Just starting to open. It is the first one from the flask to bloom. If patience is a virtue then I am a sinner with no hope of redemption.


----------



## Shiva (Apr 10, 2013)

How big is the plant?


----------



## nikv (Apr 10, 2013)

I'm loving the color already!


----------



## SlipperFan (Apr 10, 2013)

nikv said:


> I'm loving the color already!



Me, too!


----------



## jjkOC (Apr 10, 2013)

Exciting!


----------



## phrag guy (Apr 11, 2013)

looking good


----------



## The Orchid Boy (Apr 11, 2013)

A big, fat bud!


----------



## Heather (Apr 11, 2013)

I can't wait! :sob:


----------



## Orchid-fever (Apr 11, 2013)




----------



## Ron-NY (Apr 11, 2013)

Orchid-fever said:


> It is the first one from the flask to bloom.



So how many do you have??? 

Looking forward to seeing it opened!!


----------



## NYEric (Apr 11, 2013)

Stop playing with the measuring stick before you knock the bloom off!!


----------



## Orchid-fever (Apr 12, 2013)

I'll try to be careful Eric


----------



## Orchid-fever (Apr 12, 2013)




----------



## nikv (Apr 12, 2013)

Wow!


----------



## chrismende (Apr 12, 2013)

Very nice!


Sent from my iPhone using Tapatalk


----------



## SlipperFan (Apr 12, 2013)

Love it! beautiful color and shape.


----------



## SlipperKing (Apr 12, 2013)

So close to perfection!
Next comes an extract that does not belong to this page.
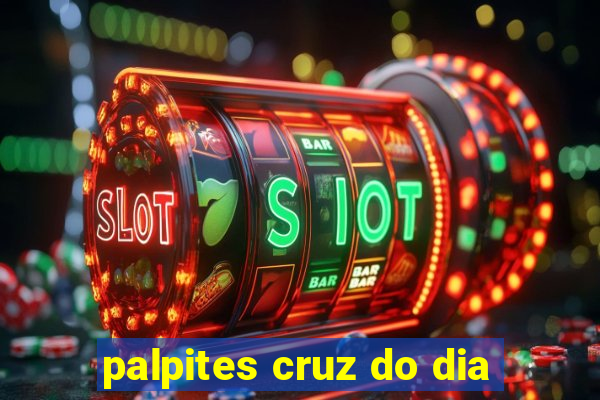 palpites cruz do dia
Would you call it a deep pink color or more on the red side. With the light coming throw the back its hard to say on my end of the screen.


----------



## koshki (Apr 12, 2013)

Oh. Wow. That color is heart stopping!


----------



## JeanLux (Apr 13, 2013)

Wow, that's nice !!!! What size is the flower? Jean


----------



## Erythrone (Apr 13, 2013)

A beauty!


----------



## Shiva (Apr 13, 2013)

Lovely!


----------



## eaborne (Apr 13, 2013)

Stunning!


----------



## Orchid-fever (Apr 13, 2013)

Awarded an AM of 85 points today. They described the flower as being vibrant pink. It was 12 cm NS and had 6 cm wide petals.

I am very happy


----------



## NYEric (Apr 13, 2013)

Congrats! Yay besseae hybrids! I really like the color, thanks for sharing.


----------



## SlipperFan (Apr 14, 2013)

Orchid-fever said:


> Awarded an AM of 85 points today. They described the flower as being vibrant pink. It was 12 cm NS and had 6 cm wide petals.
> 
> I am very happy



I would be, also! Congratulations!


----------



## Linus_Cello (Aug 23, 2014)

Has this bloomed again? Sorry to bring this up over a year. (I just got a compot of these and would like to see other flower pics)


----------



## Orchid-fever (Aug 23, 2014)

I wish it had but soon after the award it got a basal rot and I lost a chunk of the plant. It is on the mend now and should bloom this year.


----------



## Linus_Cello (Aug 24, 2014)

Orchid-fever said:


> I wish it had but soon after the award it got a basal rot and I lost a chunk of the plant. It is on the mend now and should bloom this year.



Thanks for the update. Good to know. I know an excellent grower who almost lost his JF (his first FCC ever) to rot (it recovered after a few years). Seems JF is slightly susceptible to rot, and it gets passed on to Glen Decker?


----------